> _Required work_: When you reach the line containing "With smarter tech, advanced", begin reproducing the material exactly, stop after the line containing "Die historische Bebauung am Markt in Husum", and leave out any pictures along the way.
--- Dataset entries Enclosed Below ---
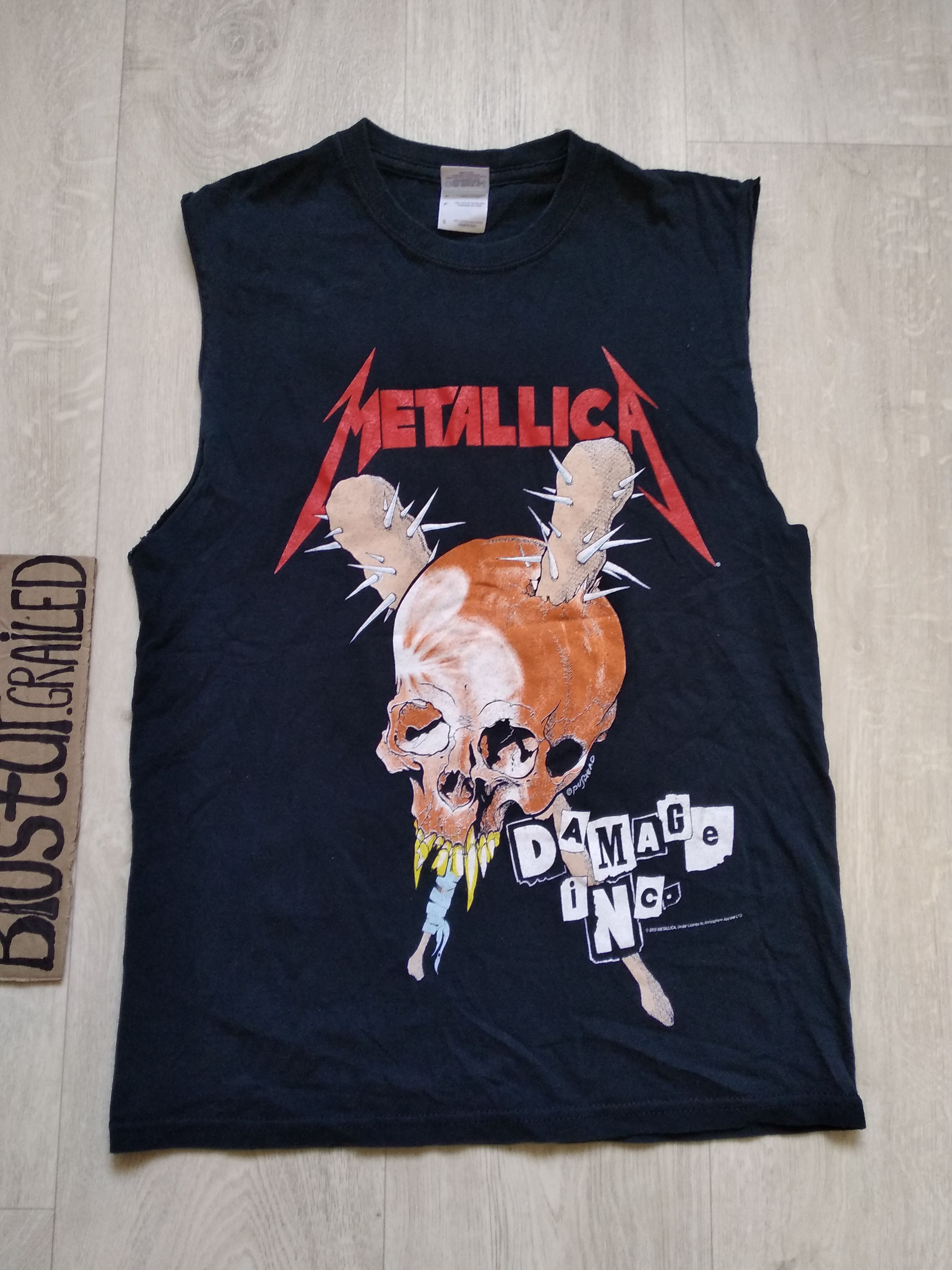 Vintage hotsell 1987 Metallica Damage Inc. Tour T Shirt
--- End of Enclosed Dataset entries ---
--- Dataset entries Enclosed Below ---
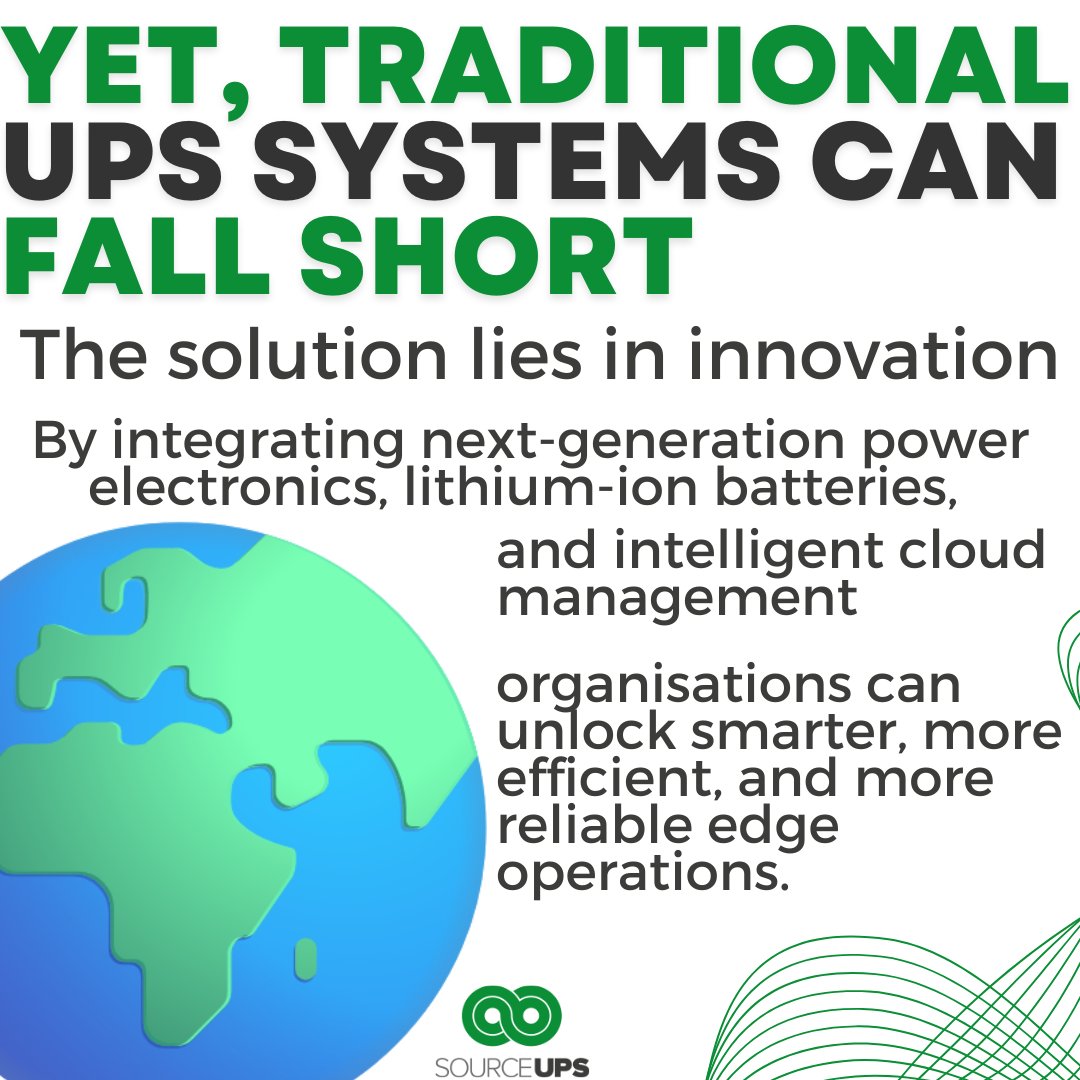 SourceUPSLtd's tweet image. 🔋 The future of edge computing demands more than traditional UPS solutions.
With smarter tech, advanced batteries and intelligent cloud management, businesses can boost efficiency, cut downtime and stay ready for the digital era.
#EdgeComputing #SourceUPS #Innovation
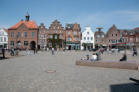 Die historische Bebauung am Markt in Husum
--- End of Enclosed Dataset entries ---
--- Dataset entries Enclosed Below ---
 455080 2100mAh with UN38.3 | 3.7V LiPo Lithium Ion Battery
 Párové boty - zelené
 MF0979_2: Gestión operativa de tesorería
--- End of Enclosed Dataset entries ---
> _Output of the exercise_:
With smarter tech, advanced batteries and intelligent cloud management, businesses can boost efficiency, cut downtime and stay ready for the digital era.
#EdgeComputing #SourceUPS #Innovation
 Die historische Bebauung am Markt in Husum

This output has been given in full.